- [Data for review]
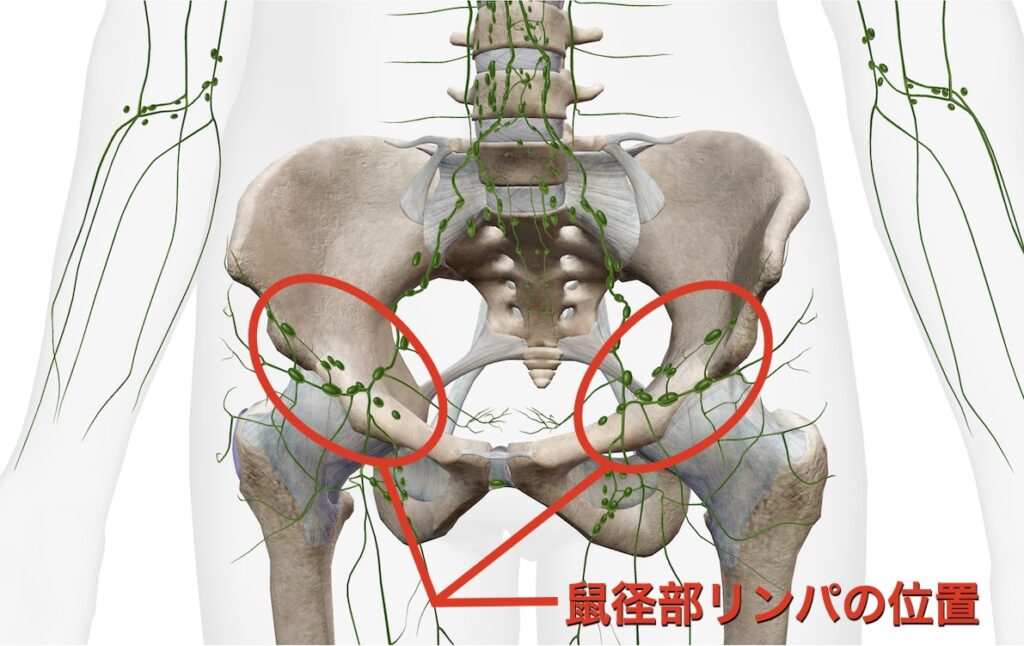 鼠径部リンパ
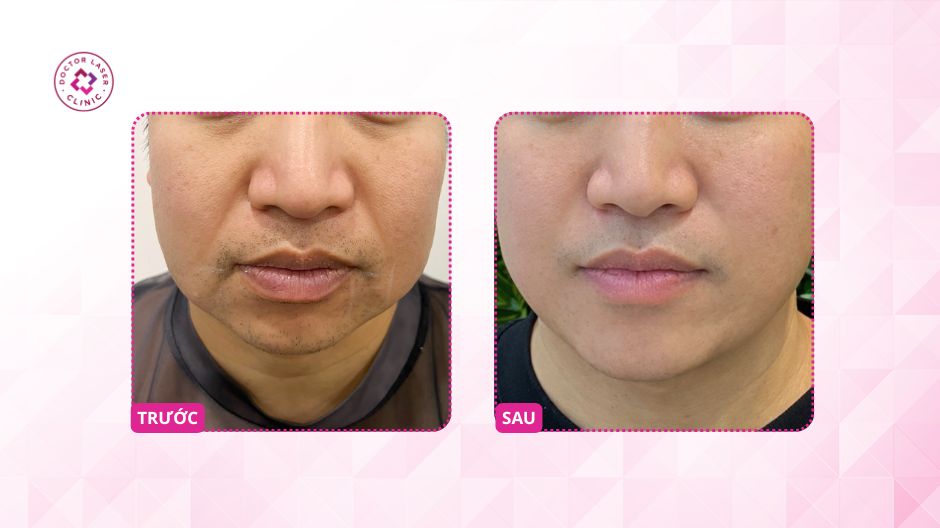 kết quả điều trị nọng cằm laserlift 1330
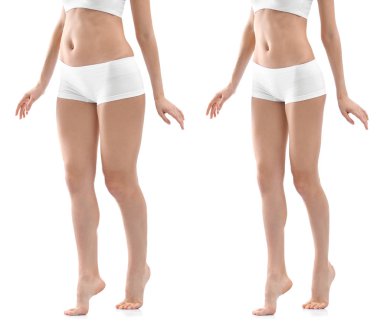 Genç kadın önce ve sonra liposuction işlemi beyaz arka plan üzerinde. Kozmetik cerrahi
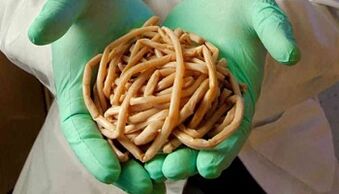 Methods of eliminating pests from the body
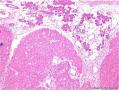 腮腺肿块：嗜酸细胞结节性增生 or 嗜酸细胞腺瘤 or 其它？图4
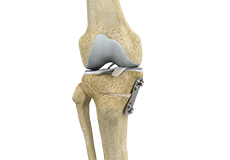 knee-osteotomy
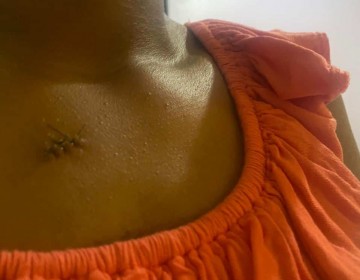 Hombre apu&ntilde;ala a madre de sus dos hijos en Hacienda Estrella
==
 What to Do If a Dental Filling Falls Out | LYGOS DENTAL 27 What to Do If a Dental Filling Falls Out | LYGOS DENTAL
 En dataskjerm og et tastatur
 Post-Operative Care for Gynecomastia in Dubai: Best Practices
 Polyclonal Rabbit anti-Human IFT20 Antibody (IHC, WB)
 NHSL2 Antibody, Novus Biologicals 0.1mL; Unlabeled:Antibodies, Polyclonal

- [Exercise details] Retype the portion of the data above that starts on the line with "Post-Operative Care for" and finishes on the line with "NHSL2 Antibody, Novus", including both of those lines.

- [Answer for the task]
 Post-Operative Care for Gynecomastia in Dubai: Best Practices
 Polyclonal Rabbit anti-Human IFT20 Antibody (IHC, WB)
 NHSL2 Antibody, Novus Biologicals 0.1mL; Unlabeled:Antibodies, Polyclonal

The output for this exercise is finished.